Does Zep store our provider keys in its databases? No. Credentials are stored in an encrypted secrets manager (AWS SSM Parameter Store). Values are decrypted in memory only when needed and are never written to Zep databases or logs.

Can we use different vendors or models per project? Yes. Each project maintains its own provider configuration, including defaults and fallbacks. This is useful for isolating production from staging or testing providers side by side.

Can we prevent vendors from training on our data? Yes. Use the vendor endpoints and contractual controls that disable data retention or training. Zep routes requests accordingly and sets the necessary flags in each call.

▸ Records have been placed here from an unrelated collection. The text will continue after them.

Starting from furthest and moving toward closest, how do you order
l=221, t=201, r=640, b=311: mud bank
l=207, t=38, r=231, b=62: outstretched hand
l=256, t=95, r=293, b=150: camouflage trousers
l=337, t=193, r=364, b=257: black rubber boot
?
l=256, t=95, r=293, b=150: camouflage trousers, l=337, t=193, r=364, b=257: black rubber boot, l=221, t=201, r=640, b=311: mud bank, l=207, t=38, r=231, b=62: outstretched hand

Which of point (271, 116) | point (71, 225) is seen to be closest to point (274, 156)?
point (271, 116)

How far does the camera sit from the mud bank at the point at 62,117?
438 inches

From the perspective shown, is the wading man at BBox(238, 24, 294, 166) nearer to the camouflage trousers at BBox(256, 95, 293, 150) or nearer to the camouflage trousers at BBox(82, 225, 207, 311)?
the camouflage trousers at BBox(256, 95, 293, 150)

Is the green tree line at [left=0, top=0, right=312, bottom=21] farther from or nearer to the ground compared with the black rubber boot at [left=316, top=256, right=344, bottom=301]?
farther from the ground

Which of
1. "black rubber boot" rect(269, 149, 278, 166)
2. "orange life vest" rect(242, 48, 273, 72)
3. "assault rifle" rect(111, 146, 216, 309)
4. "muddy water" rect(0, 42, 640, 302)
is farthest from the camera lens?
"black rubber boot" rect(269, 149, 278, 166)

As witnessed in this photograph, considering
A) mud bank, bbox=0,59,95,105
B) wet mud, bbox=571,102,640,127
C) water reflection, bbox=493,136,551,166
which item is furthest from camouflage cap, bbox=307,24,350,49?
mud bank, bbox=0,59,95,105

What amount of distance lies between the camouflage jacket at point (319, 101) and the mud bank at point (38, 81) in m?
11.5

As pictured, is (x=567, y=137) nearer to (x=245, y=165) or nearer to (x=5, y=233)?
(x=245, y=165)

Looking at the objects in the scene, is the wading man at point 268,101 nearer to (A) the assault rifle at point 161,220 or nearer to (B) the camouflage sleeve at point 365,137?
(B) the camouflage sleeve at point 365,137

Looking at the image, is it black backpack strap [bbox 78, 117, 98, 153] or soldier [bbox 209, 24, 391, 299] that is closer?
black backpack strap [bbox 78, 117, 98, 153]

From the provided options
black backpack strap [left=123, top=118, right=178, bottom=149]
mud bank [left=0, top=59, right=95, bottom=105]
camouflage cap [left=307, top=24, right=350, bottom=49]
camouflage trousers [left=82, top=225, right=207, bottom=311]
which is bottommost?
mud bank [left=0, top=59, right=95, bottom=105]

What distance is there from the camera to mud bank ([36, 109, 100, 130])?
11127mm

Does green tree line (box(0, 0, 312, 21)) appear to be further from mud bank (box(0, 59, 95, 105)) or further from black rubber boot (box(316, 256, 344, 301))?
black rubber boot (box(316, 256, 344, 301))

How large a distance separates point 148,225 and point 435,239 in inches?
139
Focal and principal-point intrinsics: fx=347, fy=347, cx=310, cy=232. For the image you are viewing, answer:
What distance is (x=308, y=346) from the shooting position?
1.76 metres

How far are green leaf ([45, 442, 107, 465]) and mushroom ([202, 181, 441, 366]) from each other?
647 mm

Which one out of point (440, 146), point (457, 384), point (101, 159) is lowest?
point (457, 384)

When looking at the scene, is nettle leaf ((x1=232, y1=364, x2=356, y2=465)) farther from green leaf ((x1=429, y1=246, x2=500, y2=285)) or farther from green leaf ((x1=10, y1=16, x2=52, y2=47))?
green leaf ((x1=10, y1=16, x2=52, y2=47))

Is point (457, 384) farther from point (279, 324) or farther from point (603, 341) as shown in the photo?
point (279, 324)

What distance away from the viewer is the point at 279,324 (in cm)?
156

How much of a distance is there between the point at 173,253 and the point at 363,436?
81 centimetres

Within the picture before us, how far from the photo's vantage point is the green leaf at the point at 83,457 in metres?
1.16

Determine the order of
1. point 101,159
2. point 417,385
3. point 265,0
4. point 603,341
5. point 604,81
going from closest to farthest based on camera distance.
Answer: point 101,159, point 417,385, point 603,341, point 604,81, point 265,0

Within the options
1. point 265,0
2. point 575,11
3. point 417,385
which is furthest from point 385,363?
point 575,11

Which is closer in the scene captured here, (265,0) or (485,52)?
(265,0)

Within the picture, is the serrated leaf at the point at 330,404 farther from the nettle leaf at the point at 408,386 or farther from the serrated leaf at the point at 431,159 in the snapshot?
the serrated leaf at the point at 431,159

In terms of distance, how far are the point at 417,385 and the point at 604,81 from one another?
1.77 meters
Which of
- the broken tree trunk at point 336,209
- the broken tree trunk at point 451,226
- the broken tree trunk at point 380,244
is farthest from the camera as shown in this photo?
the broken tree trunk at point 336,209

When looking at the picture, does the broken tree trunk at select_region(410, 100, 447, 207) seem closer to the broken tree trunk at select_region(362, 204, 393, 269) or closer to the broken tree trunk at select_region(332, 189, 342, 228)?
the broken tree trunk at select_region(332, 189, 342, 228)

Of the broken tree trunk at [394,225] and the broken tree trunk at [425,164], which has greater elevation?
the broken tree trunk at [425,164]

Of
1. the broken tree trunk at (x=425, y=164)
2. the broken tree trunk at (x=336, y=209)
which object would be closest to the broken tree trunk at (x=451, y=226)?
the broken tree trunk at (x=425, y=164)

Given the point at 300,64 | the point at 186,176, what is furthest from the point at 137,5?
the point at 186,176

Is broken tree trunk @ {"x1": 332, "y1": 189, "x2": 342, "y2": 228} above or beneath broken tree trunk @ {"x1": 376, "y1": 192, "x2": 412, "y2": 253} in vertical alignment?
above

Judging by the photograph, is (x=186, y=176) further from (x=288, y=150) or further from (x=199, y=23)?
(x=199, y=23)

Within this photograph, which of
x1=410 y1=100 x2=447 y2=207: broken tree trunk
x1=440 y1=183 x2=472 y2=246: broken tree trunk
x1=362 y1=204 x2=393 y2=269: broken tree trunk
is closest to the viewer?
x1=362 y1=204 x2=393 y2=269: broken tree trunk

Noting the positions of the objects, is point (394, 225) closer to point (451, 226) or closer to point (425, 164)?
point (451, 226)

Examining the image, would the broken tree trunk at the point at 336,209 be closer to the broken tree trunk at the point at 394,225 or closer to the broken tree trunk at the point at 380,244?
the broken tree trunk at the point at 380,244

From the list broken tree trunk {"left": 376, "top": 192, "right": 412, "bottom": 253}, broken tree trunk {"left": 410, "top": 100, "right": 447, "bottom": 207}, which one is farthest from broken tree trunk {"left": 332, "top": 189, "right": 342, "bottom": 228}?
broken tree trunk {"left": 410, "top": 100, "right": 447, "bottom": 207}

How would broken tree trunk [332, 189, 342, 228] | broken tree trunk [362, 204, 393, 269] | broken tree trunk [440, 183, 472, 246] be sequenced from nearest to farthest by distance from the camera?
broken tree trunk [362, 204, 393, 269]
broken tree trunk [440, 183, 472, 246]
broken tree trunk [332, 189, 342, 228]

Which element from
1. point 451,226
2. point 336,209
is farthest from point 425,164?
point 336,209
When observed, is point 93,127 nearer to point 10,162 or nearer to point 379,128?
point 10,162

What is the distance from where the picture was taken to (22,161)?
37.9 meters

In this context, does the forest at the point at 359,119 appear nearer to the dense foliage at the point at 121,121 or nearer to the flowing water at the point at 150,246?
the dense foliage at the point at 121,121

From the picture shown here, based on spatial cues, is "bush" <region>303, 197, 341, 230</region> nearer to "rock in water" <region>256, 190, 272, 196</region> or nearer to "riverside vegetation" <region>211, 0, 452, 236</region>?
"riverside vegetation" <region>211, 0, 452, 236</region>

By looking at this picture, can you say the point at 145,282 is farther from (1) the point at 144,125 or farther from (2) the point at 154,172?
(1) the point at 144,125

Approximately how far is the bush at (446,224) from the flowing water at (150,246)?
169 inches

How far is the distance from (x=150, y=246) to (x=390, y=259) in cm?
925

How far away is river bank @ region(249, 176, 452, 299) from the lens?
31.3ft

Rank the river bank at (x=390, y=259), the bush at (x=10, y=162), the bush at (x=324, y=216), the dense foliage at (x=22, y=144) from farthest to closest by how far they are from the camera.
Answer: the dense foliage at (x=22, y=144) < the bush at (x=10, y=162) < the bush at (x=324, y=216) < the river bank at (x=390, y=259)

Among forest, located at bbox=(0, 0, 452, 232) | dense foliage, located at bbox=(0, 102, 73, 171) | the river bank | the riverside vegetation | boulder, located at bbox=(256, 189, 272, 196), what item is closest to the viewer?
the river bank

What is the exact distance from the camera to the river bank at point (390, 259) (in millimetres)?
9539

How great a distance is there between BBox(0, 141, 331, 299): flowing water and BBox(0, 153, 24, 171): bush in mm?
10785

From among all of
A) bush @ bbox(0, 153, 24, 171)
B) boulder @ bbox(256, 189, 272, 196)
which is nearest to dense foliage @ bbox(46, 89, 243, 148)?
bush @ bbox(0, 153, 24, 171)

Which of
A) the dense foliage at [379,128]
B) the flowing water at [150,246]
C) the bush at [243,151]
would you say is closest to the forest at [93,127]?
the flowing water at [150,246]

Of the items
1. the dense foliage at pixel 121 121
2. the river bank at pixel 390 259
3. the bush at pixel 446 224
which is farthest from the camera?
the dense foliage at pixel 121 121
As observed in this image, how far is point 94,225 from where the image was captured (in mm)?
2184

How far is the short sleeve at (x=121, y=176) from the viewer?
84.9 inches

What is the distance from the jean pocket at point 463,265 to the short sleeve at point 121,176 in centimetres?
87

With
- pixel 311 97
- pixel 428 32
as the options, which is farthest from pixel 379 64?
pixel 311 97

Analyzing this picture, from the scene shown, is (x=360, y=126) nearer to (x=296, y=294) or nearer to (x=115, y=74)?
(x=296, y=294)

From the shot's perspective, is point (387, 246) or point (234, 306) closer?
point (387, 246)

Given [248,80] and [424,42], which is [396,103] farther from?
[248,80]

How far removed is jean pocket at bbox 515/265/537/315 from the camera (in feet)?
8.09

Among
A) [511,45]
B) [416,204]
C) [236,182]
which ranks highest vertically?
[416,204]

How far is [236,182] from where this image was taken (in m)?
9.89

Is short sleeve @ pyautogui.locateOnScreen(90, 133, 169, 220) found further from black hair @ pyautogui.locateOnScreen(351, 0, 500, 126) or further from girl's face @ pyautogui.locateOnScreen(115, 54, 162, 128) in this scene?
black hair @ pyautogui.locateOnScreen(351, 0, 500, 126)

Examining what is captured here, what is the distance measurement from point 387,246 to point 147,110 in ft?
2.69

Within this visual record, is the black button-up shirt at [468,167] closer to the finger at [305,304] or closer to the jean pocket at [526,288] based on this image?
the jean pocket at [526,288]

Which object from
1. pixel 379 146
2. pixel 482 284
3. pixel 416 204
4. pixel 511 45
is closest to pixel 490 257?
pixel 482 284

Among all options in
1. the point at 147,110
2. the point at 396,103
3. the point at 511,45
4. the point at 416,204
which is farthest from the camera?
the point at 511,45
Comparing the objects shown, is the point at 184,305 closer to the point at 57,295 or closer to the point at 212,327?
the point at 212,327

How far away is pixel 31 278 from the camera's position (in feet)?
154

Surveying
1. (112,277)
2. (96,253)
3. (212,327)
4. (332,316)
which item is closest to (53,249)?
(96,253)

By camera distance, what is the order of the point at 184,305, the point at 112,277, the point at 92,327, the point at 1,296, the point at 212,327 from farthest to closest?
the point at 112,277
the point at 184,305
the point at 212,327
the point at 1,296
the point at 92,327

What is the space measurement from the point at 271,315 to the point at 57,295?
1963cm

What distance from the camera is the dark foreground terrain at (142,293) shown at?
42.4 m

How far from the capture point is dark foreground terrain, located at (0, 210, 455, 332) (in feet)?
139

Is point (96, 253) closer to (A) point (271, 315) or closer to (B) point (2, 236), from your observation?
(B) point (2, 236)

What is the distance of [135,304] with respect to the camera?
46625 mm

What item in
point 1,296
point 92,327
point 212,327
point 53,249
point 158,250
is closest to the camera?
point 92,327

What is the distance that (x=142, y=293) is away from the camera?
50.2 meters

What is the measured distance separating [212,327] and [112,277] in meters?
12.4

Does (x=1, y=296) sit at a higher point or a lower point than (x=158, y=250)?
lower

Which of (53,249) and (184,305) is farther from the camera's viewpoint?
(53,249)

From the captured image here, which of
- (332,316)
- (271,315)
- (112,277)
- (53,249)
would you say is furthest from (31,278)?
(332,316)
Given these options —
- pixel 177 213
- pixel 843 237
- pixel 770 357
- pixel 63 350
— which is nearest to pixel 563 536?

How is usage billed? You receive invoices from Zep for Zep services only. LLM inference charges come directly from your vendors under your existing contract and pricing.

What happens if a key is compromised or needs rotation? Add a new credential in the dashboard and verify it. Then disable or delete the previous credential. Requests start using the new credential immediately with no downtime required.

How does BYOM affect observability? Requests are tagged by project and provider, so you can attribute usage and costs. Rate limits are applied per provider to protect budgets and enforce quotas.

Can we use a customer-managed KMS key? Contact support if you require customer-controlled encryption for credential storage.